Kariana, 3 ans, mène une existence solitaire dans le foyer pour sans-abri new-yorkais où ses parents ont dû s'installer il y a quelques mois. Mais la fillette est loin d'être seule puisqu'ils sont environ 16000 enfants à connaître la même situation dans la métropole américaine.

Le nombre des sans-domicile fixe a explosé à New York en raison de la crise économique et la moitié de ces nouveaux laissés pour compte ont moins de 18 ans. Tremblant de froid devant les portes de son foyer du quartier de Brooklyn, Karen Diaz, la mère de Kariana, raconte qu'elle est sans-abri depuis son arrivée il y a 3 mois et demi de Porto Rico, avec son mari, Kariana et son autre fille, âgée de 6 ans.

«On ne comptait rester que 10 jours et trouver un meilleur endroit mais le temps est passé vite,» déplore la jeune femme de 24 ans devant le centre d'accueil, un ex-hôpital rebaptisé «Foyer familial Auburn».

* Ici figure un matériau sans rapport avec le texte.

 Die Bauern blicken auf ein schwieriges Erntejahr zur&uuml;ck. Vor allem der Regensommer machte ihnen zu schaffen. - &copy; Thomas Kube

Karen y dépeint des conditions de vie difficiles, évoquant la nourriture sans goût, les sanitaires collectifs «répugnants», les lits superposés dans la pièce familiale ou encore la cohabitation avec d'autres résidents «inquiétants».

«Il n'y a pas d'amis pour mes filles ici. Il y a beaucoup de malades,» continue Karen. «Nous restons entre nous».

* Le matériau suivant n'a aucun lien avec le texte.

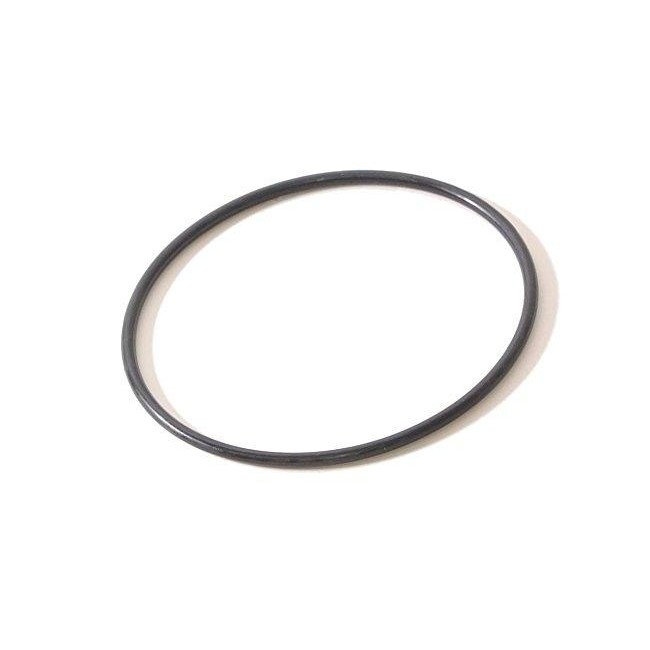 Anello per Coperchio Pompa Filtro Intex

Avec 10% de chômage, des loyers exorbitants et des températures bien en dessous de zéro à New York, la famille Diaz est plutôt chanceuse d'avoir un toit, en attendant que Pedro, le père, trouve un emploi de vigile.

Selon Robert Hess, commissaire aux sans-abri, un nombre record de personnes sans logement profite de la garantie d'hébergement offerte par la ville.

«Du fait du terrible repli de l'économie, certainement le pire que nous ayons connu à New York, nous voyons un nombre sans précédent de familles avec enfants arriver dans nos foyers,» dit-il à l'AFP, assurant que «la capacité d'accueil a été augmentée en conséquence».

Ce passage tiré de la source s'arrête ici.